1999. Abrantes, F. & Mix, A.C. (Eds) Kluwer Academic/Plenum Publishers. 443pp.
This book is the proceedings of the 6th International Conference on Paleoceanography (ICP6), which was held in Lisbon, 23-28 August 1998. The book is organized into the five themes of the conference; (1) Polar-tropical and interhemisphere linkages, (2) Does the ocean cause, or respond to, abrupt climatic changes?, (3) Biotic responses to major paleoceanographic changes, (4) Past warm climates, and (5) Innovations in monitoring ocean history. The book comprises 23 chapters, the majority of which are reviews based on the oral presentations given by the invited speakers, but there are also introductory chapters to four of the five themes. The aims of the book are to provide useful reviews of each field and to document the ideas/controversies raised during the conference that may stimulate future work. The introductory chapters were brought in to summarize the state of the art within each theme.
Overall, the book achieves its aims. The chapters are useful and informative, with each one being well illustrated with good quality figures and having an extensive list of references. There is also a useful subject index at the back of the book, however, there a large number of grammatical and typographic errors.

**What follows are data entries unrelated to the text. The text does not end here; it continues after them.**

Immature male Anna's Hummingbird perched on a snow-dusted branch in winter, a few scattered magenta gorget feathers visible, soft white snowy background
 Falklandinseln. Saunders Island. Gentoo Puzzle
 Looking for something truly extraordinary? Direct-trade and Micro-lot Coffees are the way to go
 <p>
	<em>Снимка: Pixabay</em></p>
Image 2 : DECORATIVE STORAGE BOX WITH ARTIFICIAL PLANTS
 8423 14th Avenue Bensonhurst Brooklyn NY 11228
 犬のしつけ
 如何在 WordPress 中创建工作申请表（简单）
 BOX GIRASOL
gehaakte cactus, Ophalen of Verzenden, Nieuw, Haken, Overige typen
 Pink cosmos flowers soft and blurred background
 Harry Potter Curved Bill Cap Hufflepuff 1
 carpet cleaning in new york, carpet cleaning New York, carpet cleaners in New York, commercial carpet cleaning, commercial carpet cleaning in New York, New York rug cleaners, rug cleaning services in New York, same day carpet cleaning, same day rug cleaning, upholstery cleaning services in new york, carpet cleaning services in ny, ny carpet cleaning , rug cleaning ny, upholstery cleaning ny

There is a huge bias towards North Atlantic research in this volume. Whilst it is true that this area of the world has received the most attention, this type of book does give the impression that the North Atlantic holds all or most of the answers that palaeoceanographers are seeking. I would have liked a more balanced view of the world’s oceans, with chapters on the importance of marginal and polar seas. After all, most palaeoclimatic changes are best observed where there are big temperature differences (i.e. in the polar regions), whilst the Bering Sea (one of the largest marginal seas), for example, is the gateway between the Atlantic and Pacific Oceans, and the Bering Strait has been referred to as one of the most productive places in the world.
This brings me to the next point (perhaps the most important one for us) – that of the book’s coverage on various microfossil groups. A quick look at the contents of the chapters reveals that the microfossil-related papers deal exclusively with calcareous microfossils, with an overwhelming bias on foraminifera. There are actually no papers on siliceous microfossils or dinoflagellates, although diatom mats did receive one quick mention in a sentence about foraminifera in Neogene deposits. A strange fact considering one of the editors (and the convenor of the conference) is a diatomist. One might argue, of course, that calcareous microfossils and their associated biomarkers are the key to current palaeoceanographic research, but isn’t this situation just hampering the emergence of siliceous microfossil use? As I have already mentioned above, the seas associated with siliceous oozes (sediments underlying the most productive places on Earth) are seemingly being under-represented at these conferences.
So what’s the problem? Perhaps the main problem facing diatom research, in particular, is the paucity of scientists working on marine fossil diatoms (or modern marine diatoms for that matter), and the remoteness of the high latitude siliceous deposits. Furthermore, many of the deposits in upwelling regions (off Peru, Namibia, Sahara) are poorly studied because they border on some of the poorest countries, which have few (if any) ocean-going scientific vessels. There is also the problem of age dating and oxygen isotopic analysis in some of these siliceous oozes, compounded with the lack of diatom-related biomarkers. Let’s hope, for those that work on siliceous microfossils anyway, that some of these problems are addressed in the future.
Despite my feelings on the balance of the book, I would still strongly recommend it for those interested in the wider issues within palaeoceanography. Some of the chapters provide important information that has direct applications to my own research, whilst others give fascinating insights into fields I normally (perhaps unwisely) ignore. Although the price may deter students, I think librarians in universities and marine institutes should be encouraged to purchase a copy.